Contends Mr. Soever, "In these case examples, the standard of living of the paying parent is already much lower than that of the receiver, despite using the guidelines' assumption that the household of the paying parent has only a single person and no direct expenditures on the children. In reality, one must remember that the children might be living with the paying parent up to 40% of the time and in that case, his or her direct expenditures on the children would only be marginally less than those of the receiving parent. Clearly being left with a disposable income half that of the receiving parent, the paying parent would not be in a position to provide a comparable standard of living for the children while they are with him.

"This November 1996 draft report with its case examples exposes the deficiencies in the child-support formula. Had it been published in the fall of 1996, as promised earlier, I do not believe the guidelines would have made it through Parliament in their present form. This, I believe, explains why the formula was not published in the fall of 1996.
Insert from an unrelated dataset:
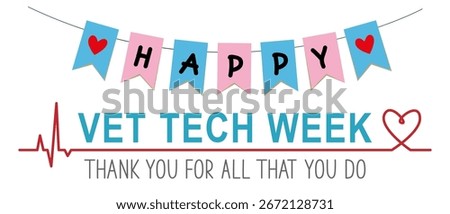 Vet Tech Appreciation Week concept. National Veterinary Technician Week.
"In all subsequent drafts, the detailed financial analysis and all the examples which exposed the true financial hardship inflicted by the Guidelines were deleted, so unless you do the detailed analysis yourself—which takes some time and knowledge—you cannot appreciate how it affects families and children. It took the Justice Department 18 months to remove the examples and financial analysis and edit this 31-page draft document down to nine pages which say far less about the nature of the Guidelines than the original. The fact that it has now been revealed that there was a comprehensive draft ready in November 1996 raises serious questions as to why the release of this document was delayed in an open and democratic society."